Print the first line of the records below and every line after it, up to and including the line with "attractive buisnessman wotking". Print nothing else.

Data for this task:
▬▬▬
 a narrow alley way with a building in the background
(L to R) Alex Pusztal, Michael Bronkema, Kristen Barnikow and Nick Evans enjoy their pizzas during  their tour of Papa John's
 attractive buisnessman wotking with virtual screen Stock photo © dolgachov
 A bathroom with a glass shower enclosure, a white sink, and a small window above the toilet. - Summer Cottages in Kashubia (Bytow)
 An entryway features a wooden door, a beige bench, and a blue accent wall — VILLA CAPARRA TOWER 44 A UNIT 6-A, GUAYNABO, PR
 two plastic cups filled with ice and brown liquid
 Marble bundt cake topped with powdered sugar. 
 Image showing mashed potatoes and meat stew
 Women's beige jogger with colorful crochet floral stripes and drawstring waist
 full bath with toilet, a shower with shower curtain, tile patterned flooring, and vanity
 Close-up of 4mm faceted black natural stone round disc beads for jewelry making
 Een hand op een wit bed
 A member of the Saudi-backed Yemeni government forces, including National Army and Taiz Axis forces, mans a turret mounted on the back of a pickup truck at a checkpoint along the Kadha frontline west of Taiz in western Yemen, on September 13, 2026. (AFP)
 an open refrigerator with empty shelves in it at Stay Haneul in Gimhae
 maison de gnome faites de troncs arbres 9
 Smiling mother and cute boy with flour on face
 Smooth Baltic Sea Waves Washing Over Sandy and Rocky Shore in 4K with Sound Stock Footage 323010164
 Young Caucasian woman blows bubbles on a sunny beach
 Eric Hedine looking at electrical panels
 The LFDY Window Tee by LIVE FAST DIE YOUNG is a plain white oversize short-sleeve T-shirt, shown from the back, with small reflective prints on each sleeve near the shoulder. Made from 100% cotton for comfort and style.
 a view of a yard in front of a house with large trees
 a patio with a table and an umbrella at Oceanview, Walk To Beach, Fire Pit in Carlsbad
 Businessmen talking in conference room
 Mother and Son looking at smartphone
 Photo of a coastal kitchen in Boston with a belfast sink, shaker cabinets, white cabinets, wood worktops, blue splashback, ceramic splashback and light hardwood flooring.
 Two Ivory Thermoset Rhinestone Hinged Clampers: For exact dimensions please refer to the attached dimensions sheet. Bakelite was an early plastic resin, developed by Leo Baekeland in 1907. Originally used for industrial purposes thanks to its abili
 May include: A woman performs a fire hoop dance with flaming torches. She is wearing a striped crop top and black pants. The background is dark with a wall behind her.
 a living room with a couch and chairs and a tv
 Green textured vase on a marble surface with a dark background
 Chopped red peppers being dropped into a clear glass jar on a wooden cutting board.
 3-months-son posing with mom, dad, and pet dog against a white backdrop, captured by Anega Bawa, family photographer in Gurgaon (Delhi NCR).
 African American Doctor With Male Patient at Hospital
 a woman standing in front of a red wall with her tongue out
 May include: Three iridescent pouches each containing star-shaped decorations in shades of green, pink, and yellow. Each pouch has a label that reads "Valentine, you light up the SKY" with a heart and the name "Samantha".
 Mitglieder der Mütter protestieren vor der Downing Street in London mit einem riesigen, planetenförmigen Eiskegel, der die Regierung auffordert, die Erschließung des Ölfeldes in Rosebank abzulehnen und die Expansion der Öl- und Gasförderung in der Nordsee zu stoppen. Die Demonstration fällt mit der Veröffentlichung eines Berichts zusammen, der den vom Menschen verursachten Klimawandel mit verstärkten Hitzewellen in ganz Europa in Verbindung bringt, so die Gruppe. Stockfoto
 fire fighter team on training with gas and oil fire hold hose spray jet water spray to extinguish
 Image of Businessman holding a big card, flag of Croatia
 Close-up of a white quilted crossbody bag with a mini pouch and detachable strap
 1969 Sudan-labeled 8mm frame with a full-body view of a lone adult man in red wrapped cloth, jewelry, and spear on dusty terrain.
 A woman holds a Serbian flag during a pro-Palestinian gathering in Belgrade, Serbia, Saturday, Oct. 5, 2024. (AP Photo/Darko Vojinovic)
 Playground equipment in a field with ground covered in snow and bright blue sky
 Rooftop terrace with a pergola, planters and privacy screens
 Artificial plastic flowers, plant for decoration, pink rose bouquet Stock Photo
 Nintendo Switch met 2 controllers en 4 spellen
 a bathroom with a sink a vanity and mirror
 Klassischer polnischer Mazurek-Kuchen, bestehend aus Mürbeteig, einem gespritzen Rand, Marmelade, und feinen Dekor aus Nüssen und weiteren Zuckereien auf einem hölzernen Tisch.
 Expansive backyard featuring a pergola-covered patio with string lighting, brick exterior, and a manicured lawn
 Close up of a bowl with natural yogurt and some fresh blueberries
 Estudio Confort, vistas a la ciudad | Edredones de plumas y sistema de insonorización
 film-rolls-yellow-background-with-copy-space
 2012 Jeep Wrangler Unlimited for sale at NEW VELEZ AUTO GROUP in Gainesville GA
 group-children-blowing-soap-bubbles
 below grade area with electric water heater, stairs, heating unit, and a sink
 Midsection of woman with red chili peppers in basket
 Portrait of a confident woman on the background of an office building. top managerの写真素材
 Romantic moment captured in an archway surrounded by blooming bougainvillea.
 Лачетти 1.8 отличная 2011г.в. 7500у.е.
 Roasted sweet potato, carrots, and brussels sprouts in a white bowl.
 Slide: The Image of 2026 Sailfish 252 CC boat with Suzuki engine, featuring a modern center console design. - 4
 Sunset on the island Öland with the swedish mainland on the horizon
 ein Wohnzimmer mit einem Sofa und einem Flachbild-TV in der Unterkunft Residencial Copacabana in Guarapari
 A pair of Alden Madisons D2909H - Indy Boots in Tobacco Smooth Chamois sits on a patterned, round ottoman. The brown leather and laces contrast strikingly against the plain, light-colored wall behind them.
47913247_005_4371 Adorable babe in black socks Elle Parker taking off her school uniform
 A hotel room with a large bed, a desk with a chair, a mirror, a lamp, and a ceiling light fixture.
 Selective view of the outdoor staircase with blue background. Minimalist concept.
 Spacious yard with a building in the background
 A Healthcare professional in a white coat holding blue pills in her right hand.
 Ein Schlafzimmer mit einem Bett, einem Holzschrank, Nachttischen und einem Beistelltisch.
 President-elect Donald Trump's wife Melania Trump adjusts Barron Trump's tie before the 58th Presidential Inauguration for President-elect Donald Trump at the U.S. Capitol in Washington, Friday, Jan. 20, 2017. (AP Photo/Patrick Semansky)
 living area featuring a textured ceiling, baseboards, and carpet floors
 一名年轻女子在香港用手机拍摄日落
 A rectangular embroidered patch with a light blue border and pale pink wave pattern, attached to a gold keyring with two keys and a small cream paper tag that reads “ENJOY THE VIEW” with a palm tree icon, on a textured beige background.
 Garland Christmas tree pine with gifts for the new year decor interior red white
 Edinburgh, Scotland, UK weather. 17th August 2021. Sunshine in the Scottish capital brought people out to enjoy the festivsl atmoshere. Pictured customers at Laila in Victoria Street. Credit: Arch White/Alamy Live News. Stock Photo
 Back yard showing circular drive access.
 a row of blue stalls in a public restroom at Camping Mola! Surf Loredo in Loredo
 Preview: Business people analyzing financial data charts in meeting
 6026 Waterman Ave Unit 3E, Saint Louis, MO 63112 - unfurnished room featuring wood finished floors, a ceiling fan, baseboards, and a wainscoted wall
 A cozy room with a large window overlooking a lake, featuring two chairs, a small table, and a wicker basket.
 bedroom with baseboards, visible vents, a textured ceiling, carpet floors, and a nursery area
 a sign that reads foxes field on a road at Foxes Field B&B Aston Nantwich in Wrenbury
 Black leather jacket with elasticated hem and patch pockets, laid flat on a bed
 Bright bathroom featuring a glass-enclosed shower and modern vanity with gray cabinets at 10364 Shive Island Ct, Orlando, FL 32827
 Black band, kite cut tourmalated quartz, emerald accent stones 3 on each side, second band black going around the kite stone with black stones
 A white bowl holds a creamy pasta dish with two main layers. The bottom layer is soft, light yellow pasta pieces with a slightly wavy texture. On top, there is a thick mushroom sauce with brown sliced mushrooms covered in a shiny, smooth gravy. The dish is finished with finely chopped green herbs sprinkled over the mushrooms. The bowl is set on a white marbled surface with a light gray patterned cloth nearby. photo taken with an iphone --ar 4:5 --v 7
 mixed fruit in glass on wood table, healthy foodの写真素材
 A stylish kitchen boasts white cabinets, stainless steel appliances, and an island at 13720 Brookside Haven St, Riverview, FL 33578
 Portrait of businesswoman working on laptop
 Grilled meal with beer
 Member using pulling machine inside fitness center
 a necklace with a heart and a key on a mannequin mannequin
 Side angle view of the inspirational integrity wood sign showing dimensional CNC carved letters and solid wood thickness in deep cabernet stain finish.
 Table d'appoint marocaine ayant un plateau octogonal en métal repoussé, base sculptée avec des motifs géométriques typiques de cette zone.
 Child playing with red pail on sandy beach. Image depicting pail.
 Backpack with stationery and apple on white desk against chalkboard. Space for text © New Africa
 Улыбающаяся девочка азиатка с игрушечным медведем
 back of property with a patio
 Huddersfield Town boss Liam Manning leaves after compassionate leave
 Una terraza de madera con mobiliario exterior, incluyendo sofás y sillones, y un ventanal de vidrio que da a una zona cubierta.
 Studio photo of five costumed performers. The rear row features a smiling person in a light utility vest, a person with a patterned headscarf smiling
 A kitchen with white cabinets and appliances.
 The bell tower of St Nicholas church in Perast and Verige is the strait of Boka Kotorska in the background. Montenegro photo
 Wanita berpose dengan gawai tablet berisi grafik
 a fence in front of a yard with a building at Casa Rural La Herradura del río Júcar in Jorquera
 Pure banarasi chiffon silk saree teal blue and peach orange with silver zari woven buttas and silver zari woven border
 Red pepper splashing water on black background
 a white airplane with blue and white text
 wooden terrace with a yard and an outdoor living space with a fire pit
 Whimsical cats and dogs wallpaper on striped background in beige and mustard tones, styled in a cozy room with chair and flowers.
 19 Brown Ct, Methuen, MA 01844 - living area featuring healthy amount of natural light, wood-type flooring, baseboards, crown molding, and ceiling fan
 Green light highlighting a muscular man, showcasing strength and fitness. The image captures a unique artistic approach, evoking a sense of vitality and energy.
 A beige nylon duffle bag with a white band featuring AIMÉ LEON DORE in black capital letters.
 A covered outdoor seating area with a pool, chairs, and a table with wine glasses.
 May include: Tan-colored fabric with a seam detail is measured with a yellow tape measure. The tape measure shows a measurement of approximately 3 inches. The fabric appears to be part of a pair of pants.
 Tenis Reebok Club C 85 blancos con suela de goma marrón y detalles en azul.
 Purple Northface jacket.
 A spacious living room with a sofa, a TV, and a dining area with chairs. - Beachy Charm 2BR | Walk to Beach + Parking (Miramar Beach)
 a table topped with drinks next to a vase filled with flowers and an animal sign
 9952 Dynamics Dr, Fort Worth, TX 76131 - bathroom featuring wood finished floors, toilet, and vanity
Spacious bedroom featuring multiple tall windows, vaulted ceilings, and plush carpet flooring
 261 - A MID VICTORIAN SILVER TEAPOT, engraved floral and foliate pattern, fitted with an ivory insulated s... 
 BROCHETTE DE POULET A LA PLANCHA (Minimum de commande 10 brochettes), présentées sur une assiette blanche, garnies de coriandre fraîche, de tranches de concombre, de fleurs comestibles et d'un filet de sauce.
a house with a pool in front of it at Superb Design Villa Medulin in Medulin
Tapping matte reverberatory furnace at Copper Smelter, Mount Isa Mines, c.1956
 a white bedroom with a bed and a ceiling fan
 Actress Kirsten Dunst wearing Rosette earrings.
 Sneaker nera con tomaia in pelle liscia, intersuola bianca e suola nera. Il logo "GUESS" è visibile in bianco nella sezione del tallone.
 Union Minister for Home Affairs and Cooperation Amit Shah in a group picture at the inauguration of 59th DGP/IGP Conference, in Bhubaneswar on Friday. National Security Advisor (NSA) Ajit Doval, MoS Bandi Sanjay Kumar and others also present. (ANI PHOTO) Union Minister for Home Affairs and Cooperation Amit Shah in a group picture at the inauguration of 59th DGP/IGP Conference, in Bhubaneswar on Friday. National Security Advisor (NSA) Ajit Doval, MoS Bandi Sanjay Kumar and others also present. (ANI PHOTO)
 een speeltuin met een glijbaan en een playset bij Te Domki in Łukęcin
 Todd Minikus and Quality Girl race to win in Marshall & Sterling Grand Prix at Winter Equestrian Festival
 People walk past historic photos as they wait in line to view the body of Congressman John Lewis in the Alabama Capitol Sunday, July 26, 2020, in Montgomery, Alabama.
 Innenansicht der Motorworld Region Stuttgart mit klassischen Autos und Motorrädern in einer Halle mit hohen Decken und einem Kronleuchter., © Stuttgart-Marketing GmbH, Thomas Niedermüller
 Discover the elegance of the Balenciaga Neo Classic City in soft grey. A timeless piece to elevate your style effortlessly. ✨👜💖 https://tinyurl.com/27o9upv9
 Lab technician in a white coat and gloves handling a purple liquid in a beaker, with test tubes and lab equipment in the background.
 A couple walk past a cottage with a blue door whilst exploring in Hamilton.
▬▬▬
Output below:
 a narrow alley way with a building in the background
(L to R) Alex Pusztal, Michael Bronkema, Kristen Barnikow and Nick Evans enjoy their pizzas during  their tour of Papa John's
 attractive buisnessman wotking with virtual screen Stock photo © dolgachov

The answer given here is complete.